About this exercise -
What you write should be an exact repeat of the lines from the one with "Scarpiera Panca con" through the final line below, minus the pictures.

Data extract -
+--
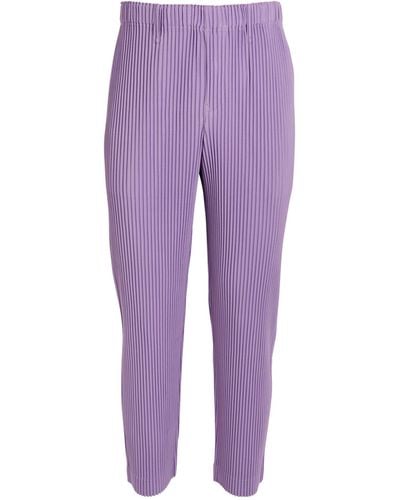 Homme Plissé Issey Miyake Pleated Straight Pants - Purple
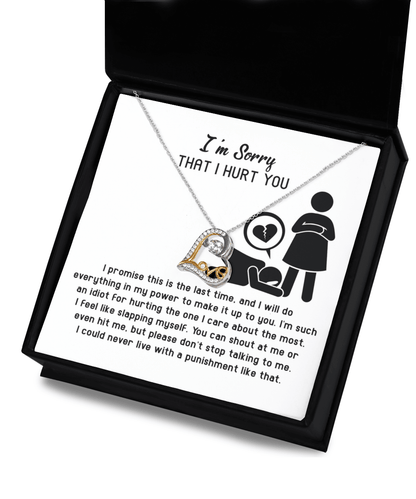 Apology Gift for Girlfriend, Wife, Soulmate - Sorry, Please Don't Stop Talking - Love Dancing Heart Pendant Necklace - Mallard Moon Gift Shop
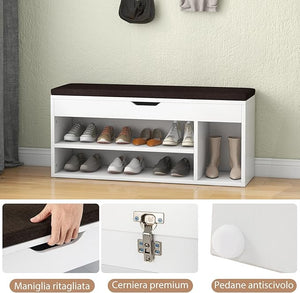 Scarpiera Panca con Cuscino, Scarpiera da Ingresso Salvaspazio, Panca Contenitore per Ingresso Corridoio, 104x30x48 cm, Carico 150 kg (Bianco)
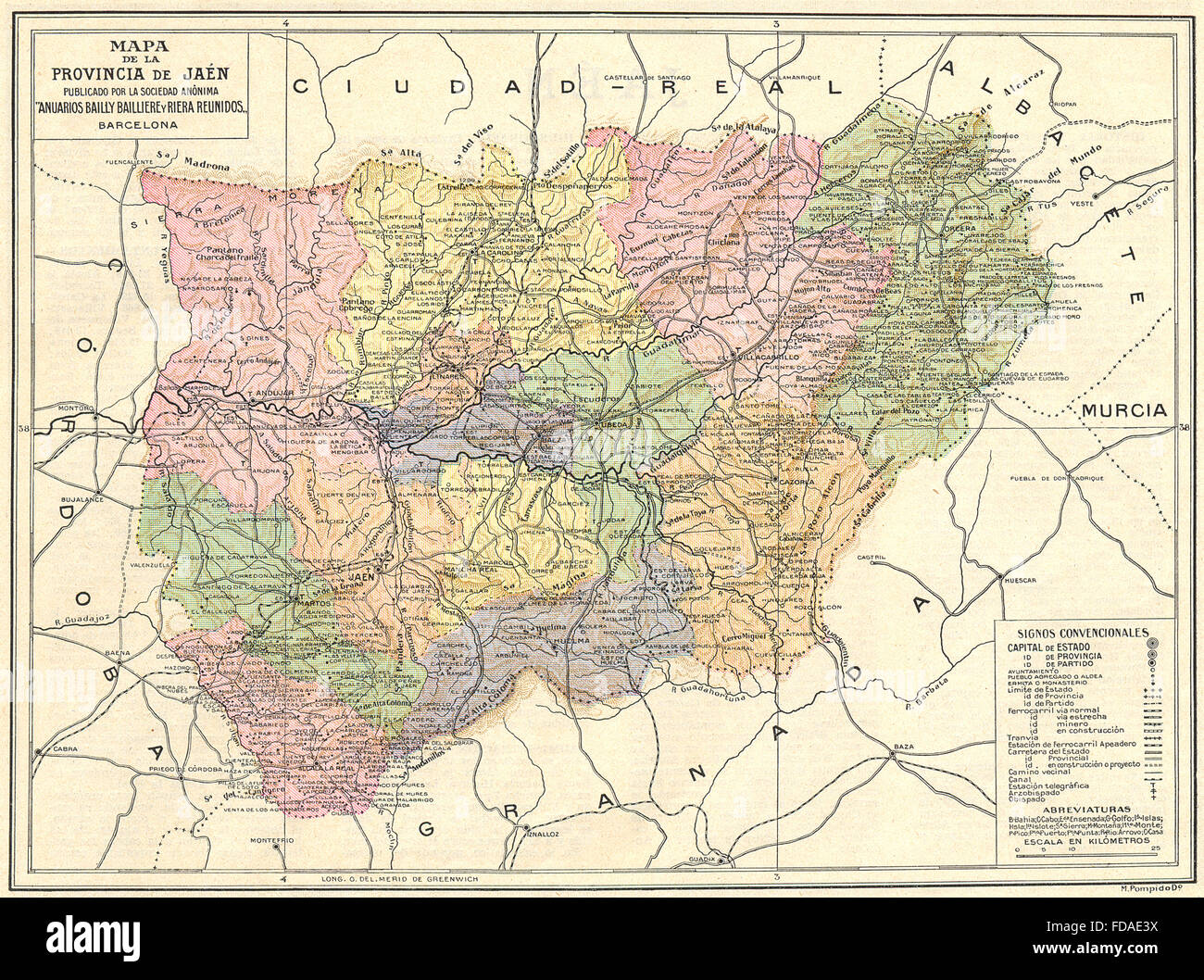 Spanien Mapa De La Provincia de Jaén, 1913 Stockfotografie Alamy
+--
Answer to this task -
 Scarpiera Panca con Cuscino, Scarpiera da Ingresso Salvaspazio, Panca Contenitore per Ingresso Corridoio, 104x30x48 cm, Carico 150 kg (Bianco)
 Spanien Mapa De La Provincia de Jaén, 1913 Stockfotografie Alamy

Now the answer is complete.